▸ WORK REQUEST: Locate all lines in the data below that hold "Black" and show them.

[Items from a data source]
◆ ◆ ◆ ◆ ◆ ◆ ◆

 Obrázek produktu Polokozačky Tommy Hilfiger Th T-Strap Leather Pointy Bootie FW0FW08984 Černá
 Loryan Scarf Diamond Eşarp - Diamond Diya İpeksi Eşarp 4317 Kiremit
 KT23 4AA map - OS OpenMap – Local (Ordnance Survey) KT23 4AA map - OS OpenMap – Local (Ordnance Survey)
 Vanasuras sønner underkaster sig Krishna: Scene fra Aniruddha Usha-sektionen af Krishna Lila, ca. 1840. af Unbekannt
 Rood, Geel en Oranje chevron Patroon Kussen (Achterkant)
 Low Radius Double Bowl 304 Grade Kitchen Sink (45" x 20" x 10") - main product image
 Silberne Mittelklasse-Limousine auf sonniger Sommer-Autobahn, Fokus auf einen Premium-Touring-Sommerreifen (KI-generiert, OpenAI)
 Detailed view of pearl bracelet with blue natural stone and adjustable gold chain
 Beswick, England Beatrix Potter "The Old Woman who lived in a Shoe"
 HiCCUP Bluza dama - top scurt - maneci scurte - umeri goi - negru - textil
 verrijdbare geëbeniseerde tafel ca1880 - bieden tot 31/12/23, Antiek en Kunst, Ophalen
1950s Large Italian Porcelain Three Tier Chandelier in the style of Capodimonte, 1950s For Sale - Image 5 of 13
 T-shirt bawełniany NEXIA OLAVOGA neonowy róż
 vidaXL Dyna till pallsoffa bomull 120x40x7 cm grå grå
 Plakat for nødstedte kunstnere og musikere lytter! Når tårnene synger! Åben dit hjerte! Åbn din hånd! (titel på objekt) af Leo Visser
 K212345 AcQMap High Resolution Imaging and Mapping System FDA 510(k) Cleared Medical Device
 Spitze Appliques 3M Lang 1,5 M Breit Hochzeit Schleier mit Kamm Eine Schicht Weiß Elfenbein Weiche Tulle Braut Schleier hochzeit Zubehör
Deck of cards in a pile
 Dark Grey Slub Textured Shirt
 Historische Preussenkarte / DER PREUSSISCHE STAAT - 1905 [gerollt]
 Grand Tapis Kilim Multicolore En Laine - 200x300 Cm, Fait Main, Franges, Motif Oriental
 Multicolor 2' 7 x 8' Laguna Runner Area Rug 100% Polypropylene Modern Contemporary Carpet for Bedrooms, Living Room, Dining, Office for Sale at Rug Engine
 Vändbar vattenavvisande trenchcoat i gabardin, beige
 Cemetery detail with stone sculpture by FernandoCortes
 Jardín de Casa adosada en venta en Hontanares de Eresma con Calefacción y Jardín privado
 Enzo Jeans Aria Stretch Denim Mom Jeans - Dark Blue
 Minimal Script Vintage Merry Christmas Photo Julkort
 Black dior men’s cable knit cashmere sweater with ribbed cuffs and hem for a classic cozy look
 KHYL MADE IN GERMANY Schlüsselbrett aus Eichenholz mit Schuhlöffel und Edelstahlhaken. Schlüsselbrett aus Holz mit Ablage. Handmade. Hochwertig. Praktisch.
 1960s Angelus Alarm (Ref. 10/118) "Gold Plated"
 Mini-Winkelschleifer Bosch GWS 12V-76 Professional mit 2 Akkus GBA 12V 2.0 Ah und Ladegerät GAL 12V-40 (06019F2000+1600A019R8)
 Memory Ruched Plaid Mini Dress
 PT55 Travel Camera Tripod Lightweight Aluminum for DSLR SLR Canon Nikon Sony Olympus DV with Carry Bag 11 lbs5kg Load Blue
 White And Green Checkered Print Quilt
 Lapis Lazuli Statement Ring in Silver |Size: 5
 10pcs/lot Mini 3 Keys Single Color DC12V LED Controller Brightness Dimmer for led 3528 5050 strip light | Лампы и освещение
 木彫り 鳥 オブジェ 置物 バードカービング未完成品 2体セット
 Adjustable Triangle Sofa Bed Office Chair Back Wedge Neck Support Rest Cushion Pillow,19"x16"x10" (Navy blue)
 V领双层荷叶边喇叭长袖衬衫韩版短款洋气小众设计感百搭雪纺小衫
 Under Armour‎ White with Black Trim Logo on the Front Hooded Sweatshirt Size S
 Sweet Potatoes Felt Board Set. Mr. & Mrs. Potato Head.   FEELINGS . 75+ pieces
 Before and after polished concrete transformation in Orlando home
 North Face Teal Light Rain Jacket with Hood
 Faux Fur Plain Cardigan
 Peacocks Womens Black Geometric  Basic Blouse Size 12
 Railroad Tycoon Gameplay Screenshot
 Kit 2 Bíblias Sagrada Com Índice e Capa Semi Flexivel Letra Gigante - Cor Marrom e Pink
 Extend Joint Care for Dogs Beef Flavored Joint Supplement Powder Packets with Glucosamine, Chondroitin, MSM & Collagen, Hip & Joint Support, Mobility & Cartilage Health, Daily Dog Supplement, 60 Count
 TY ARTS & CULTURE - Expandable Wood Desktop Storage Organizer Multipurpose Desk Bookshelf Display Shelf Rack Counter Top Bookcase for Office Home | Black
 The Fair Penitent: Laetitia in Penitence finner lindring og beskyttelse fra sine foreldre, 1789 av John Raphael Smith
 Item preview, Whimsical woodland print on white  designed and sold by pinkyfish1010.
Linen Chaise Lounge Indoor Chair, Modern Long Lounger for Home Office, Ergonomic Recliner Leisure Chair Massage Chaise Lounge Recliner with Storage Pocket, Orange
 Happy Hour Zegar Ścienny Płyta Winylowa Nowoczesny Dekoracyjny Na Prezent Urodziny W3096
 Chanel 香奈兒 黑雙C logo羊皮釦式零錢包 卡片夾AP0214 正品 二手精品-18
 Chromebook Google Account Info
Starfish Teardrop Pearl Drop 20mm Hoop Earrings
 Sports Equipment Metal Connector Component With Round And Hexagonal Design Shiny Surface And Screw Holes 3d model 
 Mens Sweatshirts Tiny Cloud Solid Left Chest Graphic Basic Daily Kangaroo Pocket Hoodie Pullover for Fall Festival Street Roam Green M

◆ ◆ ◆ ◆ ◆ ◆ ◆

▸ SOLUTION FOR THIS EXERCISE:
 Black dior men’s cable knit cashmere sweater with ribbed cuffs and hem for a classic cozy look
 Under Armour‎ White with Black Trim Logo on the Front Hooded Sweatshirt Size S
 Peacocks Womens Black Geometric  Basic Blouse Size 12
 TY ARTS & CULTURE - Expandable Wood Desktop Storage Organizer Multipurpose Desk Bookshelf Display Shelf Rack Counter Top Bookcase for Office Home | Black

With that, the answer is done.